Die Pröpstin nahm die zweite Stelle in der Stiftshierarchie ein und war die Stellvertreterin vor allem in Zeiten der Abwesenheit der Äbtissin. Sie wurde ebenfalls vom Kapitel gewählt und ihre Aufgabe war vor allem die Verwaltung der Stiftsgüter, also des Grundbesitzes und der Einkünfte. Der Grundbesitz des Stifts war durch Schenkung, Übereignung und Kauf zahlreich und weitgestreut und erforderte eine qualifizierte und umsichtige Verwaltung. Die Küsterin, die das dritte der offiziellen Ämter des Stifts innehatte, wurde nicht gewählt, sondern von der Äbtissin bestimmt. Sie war für die Ordnung des Gottesdienstes, die Beschaffung von Kerzen, Wein, Hostien usw. zuständig und hatte die Aufsicht über die Kleinodien und Kirchenschätze. Zum Stift gehörten insgesamt 7 Stiftskanoniker, drei waren Priesterbenefizien, die Inhaber der anderen vier mußten höhere Weihen haben. Diese vier Pfründen wurden im 14. und 15. Jahrhundert in die vier zum Stift gehörigen Vikarien umgewandelt.
In den napoleonischen Kriegen fielen die linksrheinischen Gebiete des deutschen Reiches an Frankreich und durch den sog. Reichsdeputationshauptschluß von 1803 wurden die dort betroffenen weltlichen Fürsten mit aufgehobenen Kirchen- und Stiftsgütern auf der rechten Rheinseite entschädigt. Das Stift Borghorst fiel dem Fürsten von Salm-Horstmar zu und wurde 1811 aufgelöst. Die reichen Archivalien des Stiftes wurden in die Rentkammer des Fürsten nach Coesfeld gebracht, wo sie sich noch heute befinden.

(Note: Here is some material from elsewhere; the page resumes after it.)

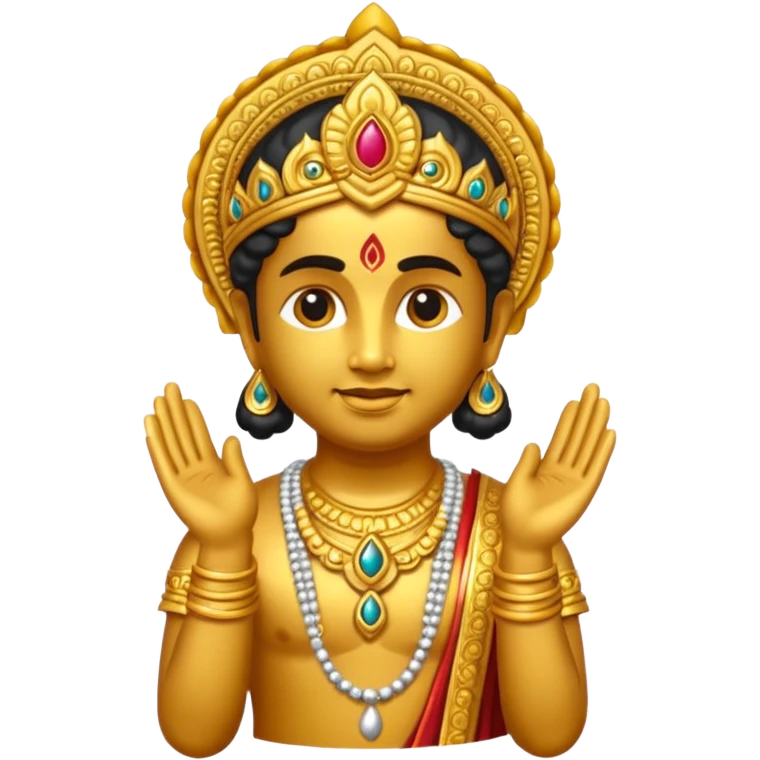 Murugan Vel emoji emoji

Die Stiftsgebäude wurden bald darauf abgebrochen. Zuletzt mußte die Stiftskirche dem Neubau der Nikomedes-Kirche weichen (s.u.). Lediglich ein kleiner Nebenbau, die sog. "Stiftskapelle" blieb erhalten und ist heute in die neue Kirche eingegliedert.
Das Borghorster Stadtbild wird jedoch bis heute noch wesentlich durch die Siedlungsstruktur des Damenstifts Borghorst bestimmt, das von 968-1811 bestand. Sie zeichnet sich durch folgende Elemente aus:
- die innere Stiftsfreiheit mit hufeisenförmig um die Kirche angeordneten Gebäuden der Stiftsdamen, der Abtei, der Schule und angrenzenden Gärten,
- die äußere Stiftsfreiheit mit verstreut liegenden Einzelgebäuden und umgebenden mittleren bis großen Gartenflächen (ehem. Kanonikate und Vikarien),
- darin eingebettet das Dorf in nahezu geschlossener Bauweise auf eng parzellierten Grundstücken, die den Einwohnern - vor allem Weber, Handwerker, Tagelöhner - von der Äbtissin gegen Zahlung eines jährlichen sog. Wortzinses zur Verfügung gestellt wurden.